(AVAILABLE DATA)
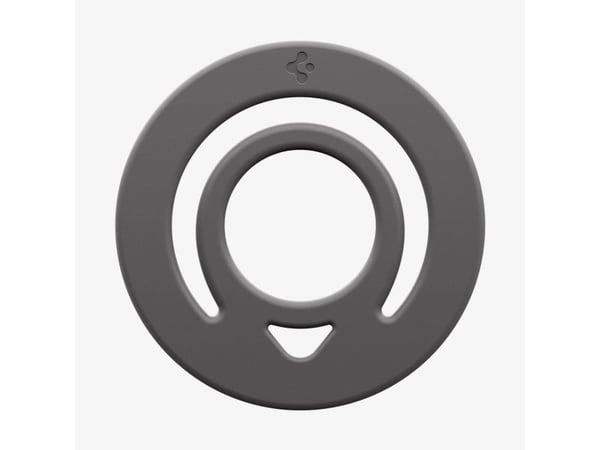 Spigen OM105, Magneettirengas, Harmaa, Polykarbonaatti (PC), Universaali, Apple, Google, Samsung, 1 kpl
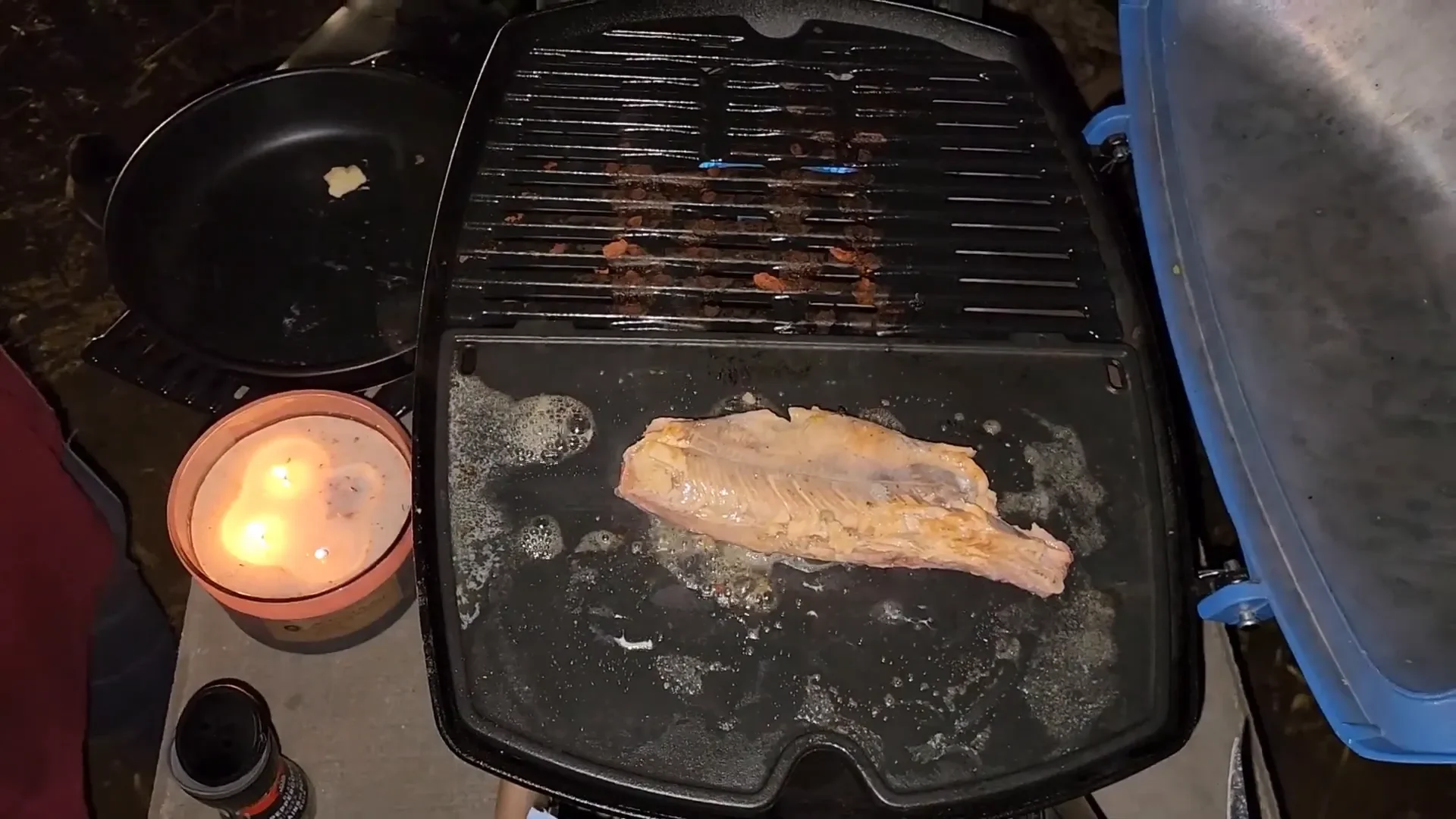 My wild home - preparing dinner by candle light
(End AVAILABLE DATA)
(AVAILABLE DATA)
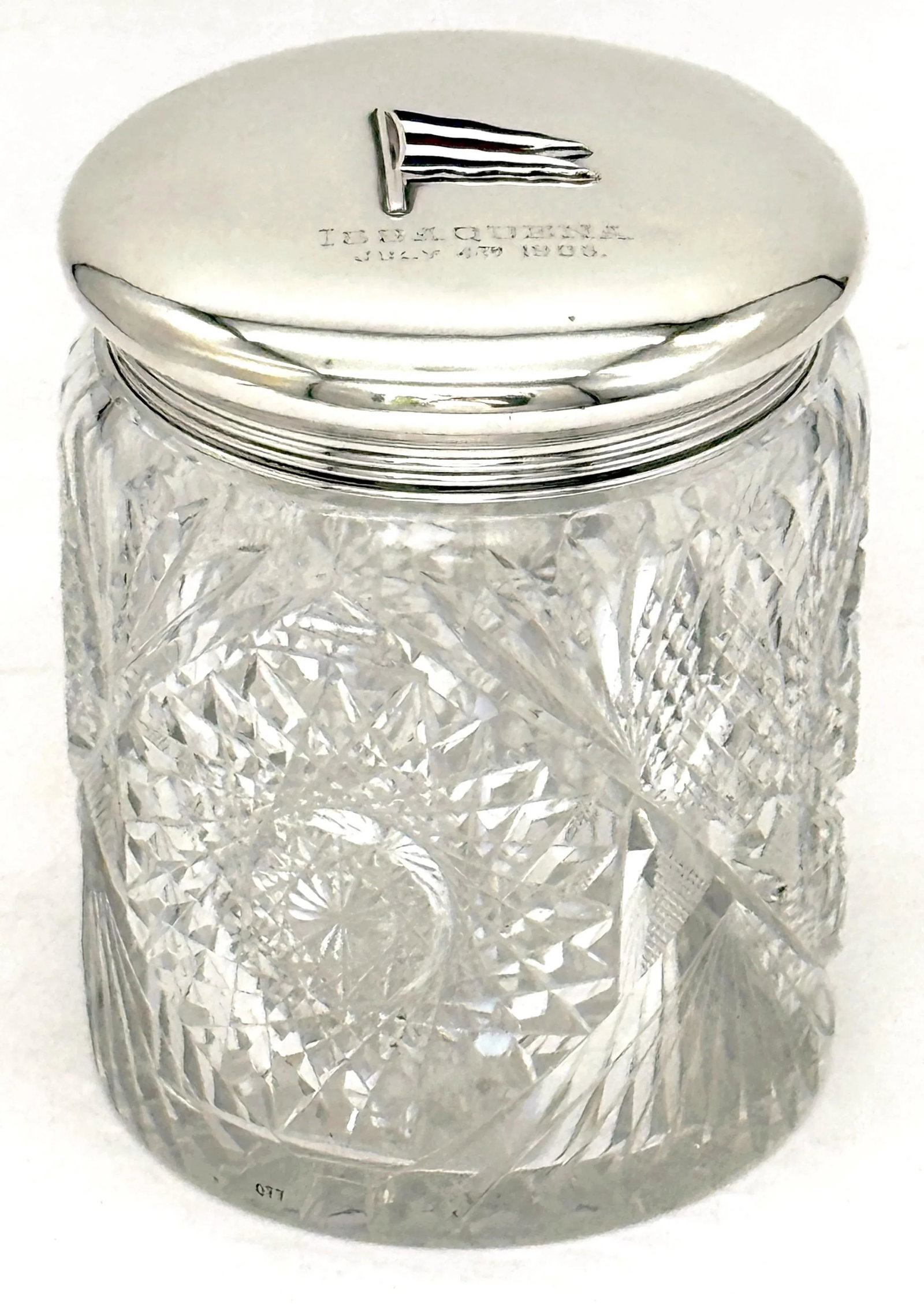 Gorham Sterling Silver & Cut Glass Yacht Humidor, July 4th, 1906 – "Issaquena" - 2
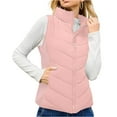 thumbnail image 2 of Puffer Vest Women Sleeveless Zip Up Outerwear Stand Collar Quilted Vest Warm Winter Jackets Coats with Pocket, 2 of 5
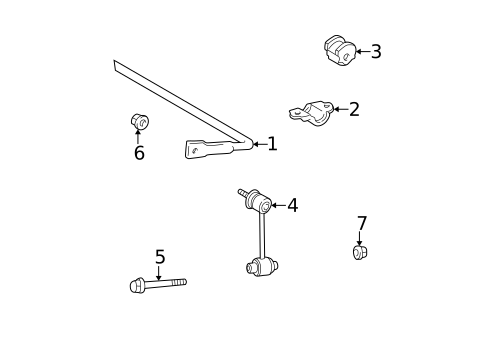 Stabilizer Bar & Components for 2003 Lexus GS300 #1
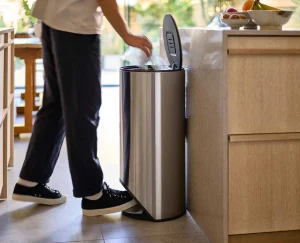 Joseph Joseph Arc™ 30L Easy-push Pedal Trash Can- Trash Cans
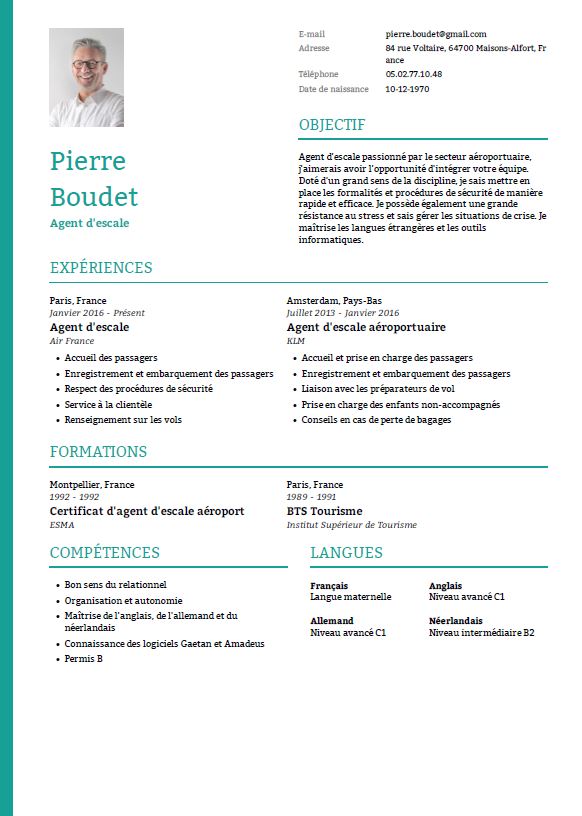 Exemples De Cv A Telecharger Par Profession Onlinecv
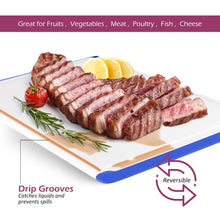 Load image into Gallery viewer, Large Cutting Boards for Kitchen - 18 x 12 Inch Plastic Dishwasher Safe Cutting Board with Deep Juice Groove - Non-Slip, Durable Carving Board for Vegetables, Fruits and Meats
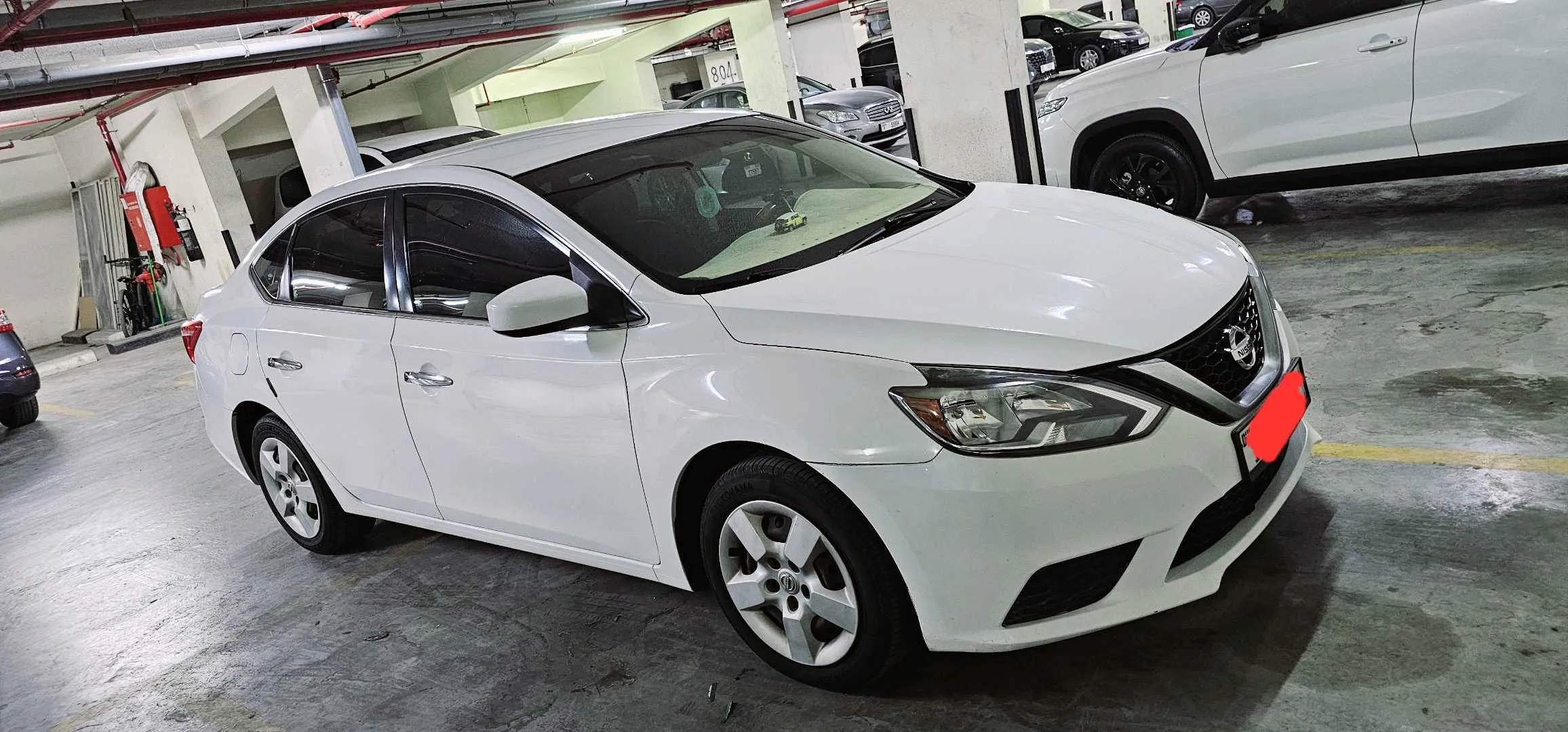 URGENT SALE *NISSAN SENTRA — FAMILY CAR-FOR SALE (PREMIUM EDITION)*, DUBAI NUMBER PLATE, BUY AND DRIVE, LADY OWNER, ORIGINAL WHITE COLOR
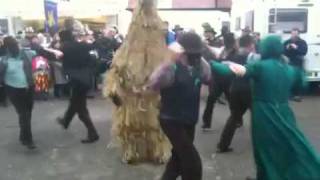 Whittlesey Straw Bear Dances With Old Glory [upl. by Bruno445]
(End AVAILABLE DATA)
**REQUIRED WORK**
Starting with the line that has "Spigen OM105, Magneettirengas, Harmaa, Polykarbonaatti" and ending with the line that has "My wild home", repeat the lines above exactly, omitting every picture.

**EXPECTED OUTPUT**
 Spigen OM105, Magneettirengas, Harmaa, Polykarbonaatti (PC), Universaali, Apple, Google, Samsung, 1 kpl
 My wild home - preparing dinner by candle light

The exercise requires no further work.